Relato inspirado en el título
No
me importa ceder el protagonismo, no tengo interés en que revuelvan
en mi pasado o en mi desdichada historia, no lo soportaría, ya de
por sí me está costando superar lo descubierto y no comprendo cómo
hay mujeres que han podido hacerlo. Sólo quiero pasar desapercibida
e intentar superar éste mal trago.
Quien
así hablaba era Martina, una joven recién llegada al pequeño
pueblo pesquero donde vivía Juan, su salvador, y quien había
involucrado a los vecinos para ayudarla. Conchesa era la cabecilla
de las mujeres y con quien se estaba sincerando. En el pueblo
presentían que había sido ella la protagonista de tan macabro
hallazgo, a pesar de ser el propio Juan quien acudió sin dilación a
denunciarlo al cuartelillo más próximo de la Guardia Civil,
otorgándose el descubrimiento, con el fin de poder mantener a
Martina al margen de los medios de comunicación y de las
autoridades, temía por su vida si la investigaban o si salía a la
luz su triste pasado.
Nacida
en un pueblecito del interior, junto a la montaña, tenía cuatro
años cuando quedó al cargo de una vecina, sus padres viajaron a la
capital pero al regresar en coche, fueron víctimas de un fuego
cruzado entre la policía y unos terroristas, volando por los aires
su vehículo y pereciendo en el accidente.
La
noticia consternó a todos en el pueblo por ser familia muy
apreciada, debido a la escasez de parientes, auguraban a la niña una
acogida por los servicios sociales que a saber cómo terminaría.

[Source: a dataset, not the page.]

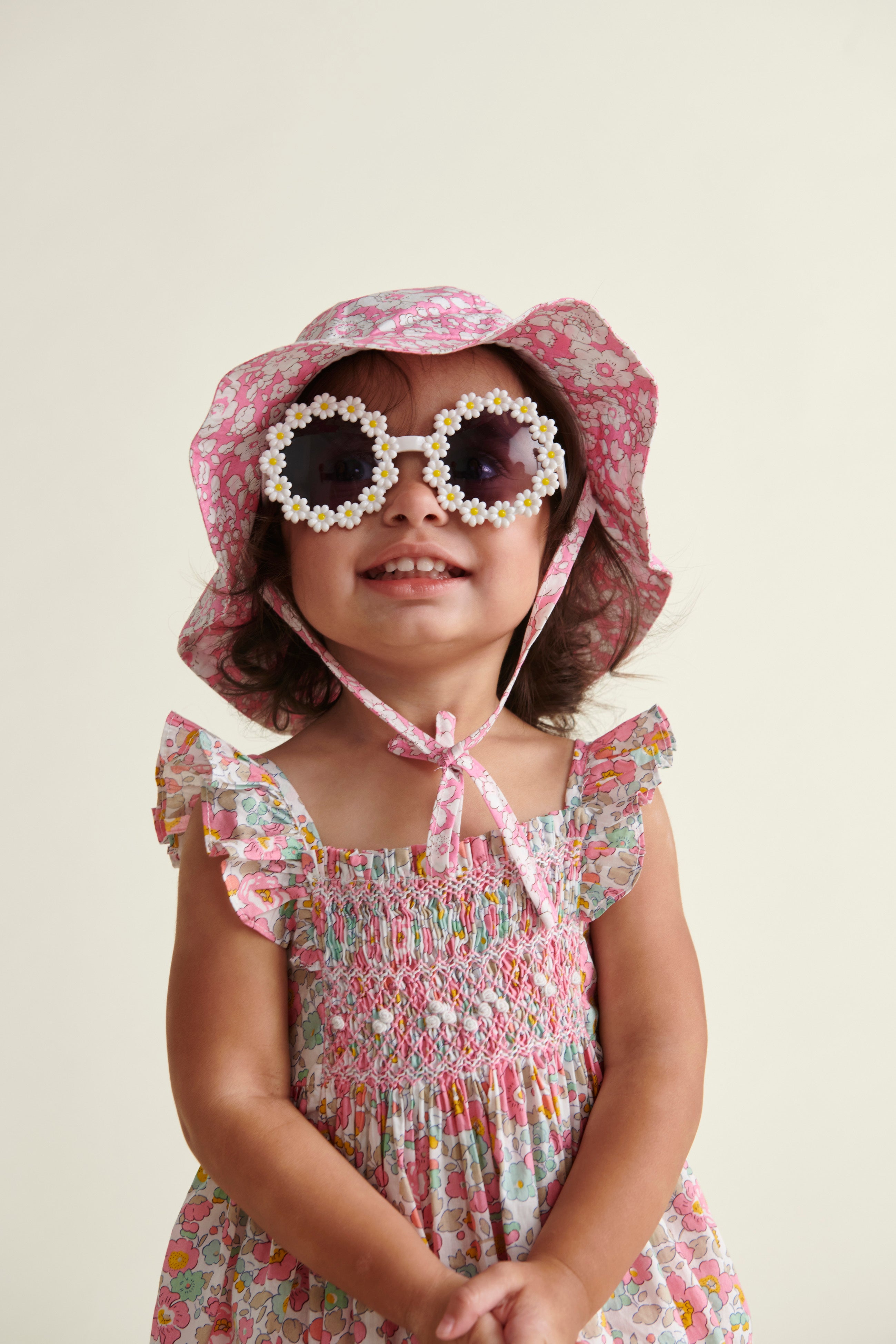 Liberty print sun hat worn by smiling baby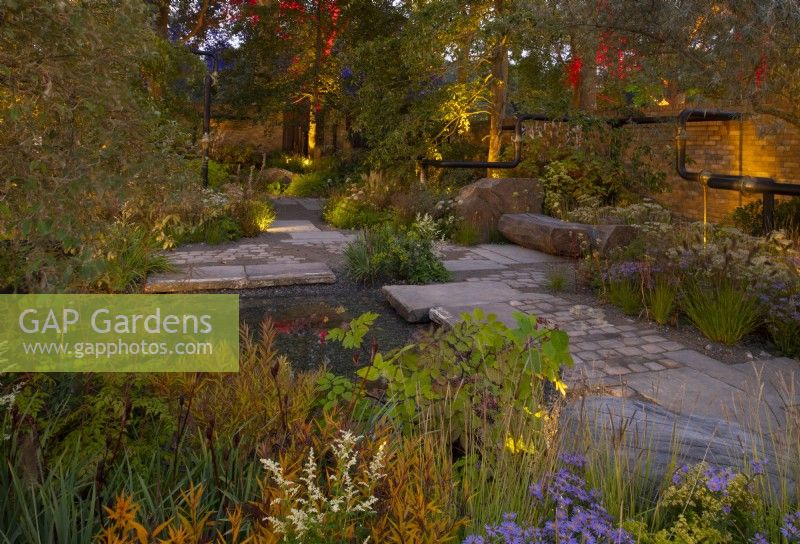 Le Jardin M et G, un espace urbain partagé avec des éclairages judicieusement placés accentuant les couleurs chaudes des plantations automnales entourant un petit bassin.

Decidieron solucionarlo obligando a una prima de su madre a ser su
tutora, de esa forma la niña seguiría en el pueblo bien atendida.
Ésta prima llevaba una vida un tanto peculiar, apenas se
relacionaba con los vecinos y vivía solitaria a las afueras en
compañía de sus animales.
Todos
se volcaron con la pequeña, por las mañanas acudían a la cabaña,
la levantaban y aseaban, dándole el desayuno en la casa que por
turno tocaba, llevándola a continuación a la escuela, donde la
maestra la recogía hasta la tarde, almorzando en su compañía. Su
tutora marchaba de madrugada al monte, donde sus animales pastaban
hasta bien entrada la tarde, que era el momento del día en que se
hacía cargo de Martina. Tras darle una frugal cena, se acostaban,
siendo así todos los días.
Espabilada
y alegre, nunca se planteó vivir de otra manera a como lo hacía,
todos la querían, apreciaban como iba creciendo y convirtiéndose en
una muchacha generosa, educada, agradecida, sumamente interesada en
aprender y ayudar en lo que pudiera.
A
los siete años comenzó a levantarse por sí misma y a los doce se
hizo cargo de las labores de casa, algo a lo que su tutora no daba
ninguna importancia pero que eran necesarias para mantener el
bienestar de las dos. Aquel verano su tutora comenzó la iniciación
en el conocimiento de los efectos beneficiosos de hierbas o frutas,
de los excrementos de animales o de la miel de abeja, parecía que a
cada nueva información necesitaba otra más, era un pozo sin fondo
de conocimientos que aplicaba prudentemente en cuanto la dejaban.
Martina
dejó de ser una niña y la muchachita en que se convirtió consiguió
enamorar al encargado de informática del ayuntamiento, un chaval
simpático y alegre, dispuesto a entablar relación formal y seria.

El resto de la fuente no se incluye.